In the new study, the researchers found that a fractured arm bone in newborn mice rapidly realigned through substantial movement of bone fragments rather than through bone remodeling – a slower process involving the simultaneous formation of new bone on one side and erosion of existing bone on the opposite side. "This finding challenges the traditional view of fracture healing and introduces an entirely new stage of bone repair to the classical four-stage model," Zelzer says.

The realignment process was driven by bone growth, which acted like a mechanical jack to generate the opposing forces required to straighten the two bone fragments. Moreover, treatment with a drug that paralyzed the muscles surrounding the fracture prevented normal bone growth and bone realignment, suggesting that muscle contraction plays a critical role in the repair process.

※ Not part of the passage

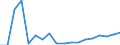 Austria / 14A-- Non financial accounts by sectors: Non-financial accounts by sectors: Allocation of primary income account: Total resources: Property income: Rents / 14A- NFAS : NON FINANCIAL ACCOUNTS BY SECTORS: 14A- NFAS : NON FINANCIAL ACCOUNTS BY SECTORS: Total economy and rest of the world: Total economy / Current prices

(A) Healing begins with hematoma and inflammation at the fracture site. (B) Soft callus (purple) is formed, which we show to organize as a bidirectional growth plate at the concave side of the fracture site. (C) The two growth plates drive growth in opposite directions. The result is a jack-like mechanical effect that moves the fragments toward straightening (red arrows). (D) Ossification produces hard callus (orange). (E) The shape of the bone is fine-tuned by remodeling. Credit: Developmental Cell, Rot et al.

"Integrating this new knowledge into the current approach may improve future treatment," Zelzer says. "For example, treatment protocols may include age-based protocols and shorter periods of rigid immobilization to allow participation of muscle force in the healing process."